Claiming Mr Hancock was the "ultimate decision-maker" in awarding the contract to Abingdon Health, Mr Barrett told the court that Mr Hancock had used multiple non-government emails for Government business. However, no searches had been conducted and no documents had been disclosed.
Philip Moser QC, for DHSC which is contesting the claim, argued Mr Hancock had a "limited" role in the contracts.
"There is no reasonable basis on which to seek such disclosure, because Mr Hancock's involvement in the matters which are in issue in these proceedings was limited and, in any event, any communications from the then Secretary of State would have been caught by the existing disclosure exercise," he said.

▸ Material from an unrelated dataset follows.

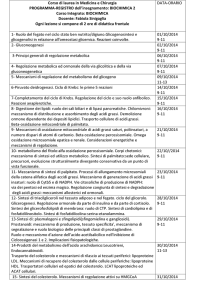 Biochimica II - Scuola di Medicina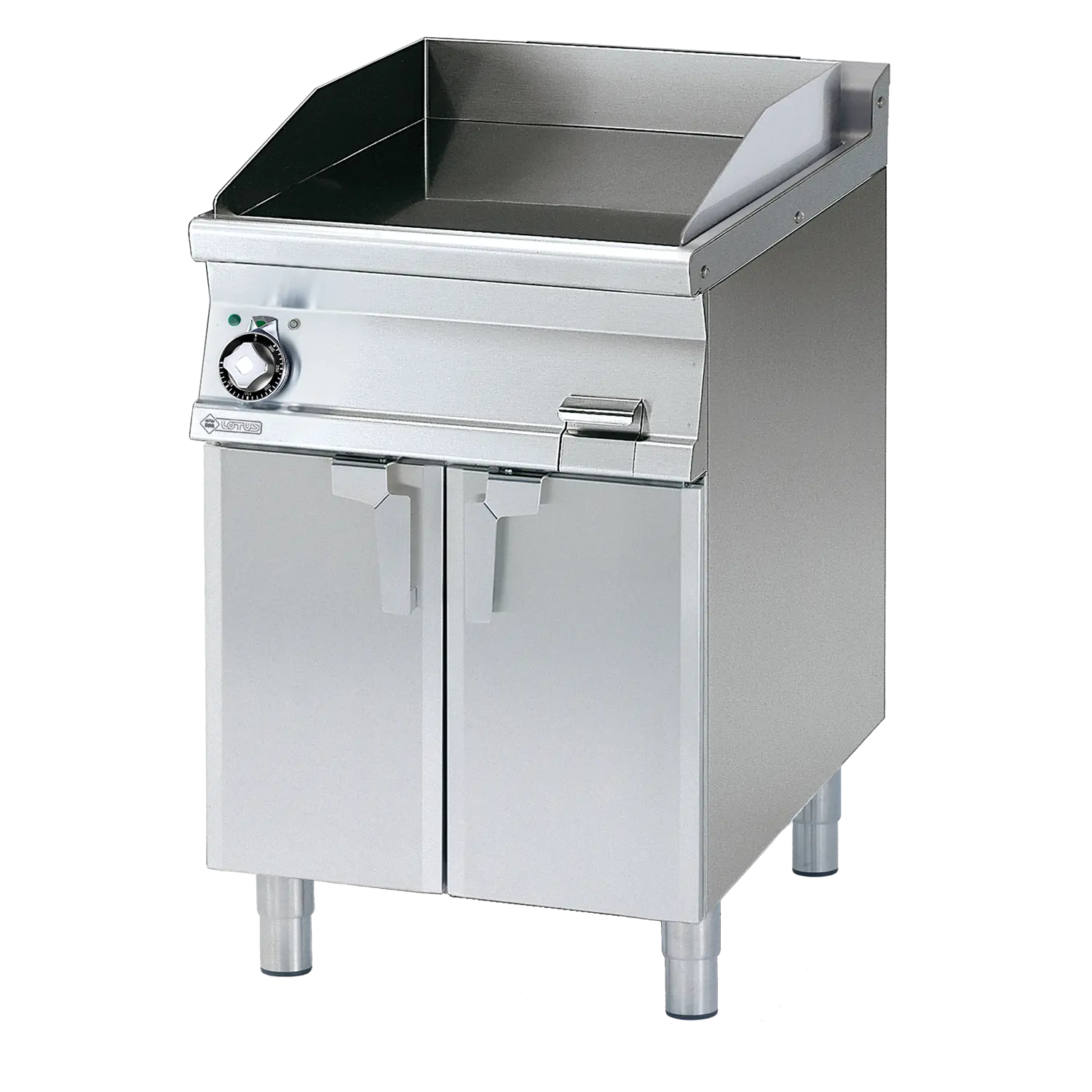 Grilovací deska 59x52 elektrická chromovaná rýhovaná s podestavbou 400 V - FTR - 76 ETS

Mr Justice Fraser ordered that both Mr Hancock's Government and non-Government communications that were used for Government business should be searched for relevant material.
The judge said: "It seems to me that even though his involvement has been described as 'limited', 'limited' can still be quite significant."
He also ordered that ex-health minister Lord Bethell must provide a witness statement over the use of personal devices for Government business.
The Conservative peer left the Department of Health and Social Care (DHSC) last week following calls to resign over his use of a personal email account rather than official communication channels.
Mr Moser said in written arguments: "There is no evidence whatsoever in the documents relied upon by the claimants ... that Lord Bethell, or others, used personal communications devices to communicate substantively with Mr Hancock in relation to Abingdon."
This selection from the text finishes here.